OPINION: Trophy hunting has many benefits

Trophy hunters don’t deserve such a bad rap



Trophy hunting preserves the animal’s natural beauty, while providing a source of natural, organic food.


Why has there been such a negative buzz around big-game trophy hunting in recent headlines?

Bounty from a trophy hunt includes free-range organic wild game meat, as well as a lifelike representation of that animal by taxidermy. Some folks think that if a person has an animal stuffed and mounted, this must prevent them from consuming the meat. One can see how this misconception may form, because how could a hunter get the meat and still have what appears to be a fully intact animal to display? The answer is attentive care on the part of a hunter, combined with the skilled craftsmanship of a taxidermist.

Mike Stewart, owner of Stewart’s Taxidermy, said that there is nothing that would prevent a customer from eating the animals he stuffs. The idea that taxidermy would even exist in a world where it prevented the animals from being eaten seemed inconceivable.

“I don’t know how you could even come up with that idea,” he said.

Field care of an animal once it has been killed is the most vital responsibility of a hunter who wishes to have the perfect trophy, Stewart said. He said that once an animal is down, a hunter must get the meat and hide cooled down and cared for immediately if they want to preserve the hide of that animal.

A hundred percent of his customers are hunters, Stewart said.

“Think about it,” he said, “who is going to come in here wanting something stuffed except for a hunter?”

When hunters hear Stewart emphasize field care, some may think he is talking about avoiding errant cuts while butchering or removing the edible meat from the hide. This is actually a non-issue for him. Taxidermy is an art, and Stewart is a craftsman. He explained that mistaken cuts to the hide by hunters butchering in the field are just one of the things he is accustomed to overcoming when he recreates the likeness of an animal. Spoilage is a big issue. The hunter should care for the meat and hide as carefully as possible, as quickly as possible, not allowing any part of the animal to sit for too long.

In the U.S., there are many laws dictating permissible activities when it comes to extractive interactions with our wildlife. This collection of rules and regulations was built for the purpose of conserving wildlife species and the habitat they depend upon. We refer to this overarching, multi-layered system as the North American Model for Wildlife Conservation.

The model prevents over-hunting any species, hunting anything threatened or endangered, or even wasting any meat from a game animal. The latter infraction is known as wanton waste and is a gross misdemeanor.

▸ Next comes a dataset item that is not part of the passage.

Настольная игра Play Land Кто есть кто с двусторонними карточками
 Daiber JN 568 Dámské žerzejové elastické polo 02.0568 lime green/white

The American Natural History Museum is filled with animal likenesses, many of which were personally hunted by conservationist former President Theodore Roosevelt. The Conner Museum at WSU has the largest collection of birds and mammals in the Pacific Northwest with 700 animals, according to their website.

Oftentimes, when an old trophy hunter passes away, their taxidermized mounts are offered to museums and learning centers.

Conner Museum Curator Kelly Cassidy said a few of the specimens on display in the museum were hunter’s trophies.

“The Bighorn sheep and a couple of cougars came from Rocky Crate, a WSU alum,” Cassidy said. “Some, like the leopard on the wall, were donated by the hunter’s heirs. Some of the hunting trophies are not on display but enhance our teaching collections. For example, we have polar bear and grizzly bear skins, obtained by trophy hunters and donated to the museum by the hunters’ heirs. The bearskins are regularly used by mammalogy classes.”

Cassidy said that the main purpose taxidermy serves at the museum is education. On their website, they are currently asking for a black bear pelt for educational purposes.

However, Cassidy said that some specimens must be declined by the museum due to its condition.

“Specimens that are not kept in closed cases, protected from dust and insects, are often in poor conditions,” she said.

Maybe the museum should get ahold of Douglas Boze, author of “No Bait… Just Bears” and “The Ultimate Guide to Black Bear Hunting.”

Boze is from Conway, Washington, and has an impressive list of taxidermy including two bear rugs, several bear hides and a full-size black bear that has been preserved to look just like the live animal.

“I’ve found that many non-hunters think a hunter shoots an animal only to cut off the head and place it vainly on a wall as some sort of morbid trophy, allowing the rest to waste,” Boze wrote in an email. “This is very far from the truth.”

Boze and his family ate the meat from all the bears mentioned above. In fact, he eats the meat from all the game animals he hunts, Boze wrote. He referred to the wanton waste laws mentioned above, then went on to say that the main reason he hunts is to eat and share the free-range organic meat with his family.

If trophy hunters in America are just folks who buy hunting licenses, contribute to conservation and eat animal meat, what’s with the bad rap around trophy hunting? Is it that trophy hunters also take great care in the field, or that they pay a local artist hundreds of dollars to memorialize the animal? That hunters are the primary source of income for local taxidermy artists? Or maybe that they supply teaching materials to museums? It can’t be any of those things, so what is it?

Sometimes trophy hunting is conflated with activities carried out behind the high fences of animal hoarding operations in the U.S. Captive animals can’t be hunted sportingly.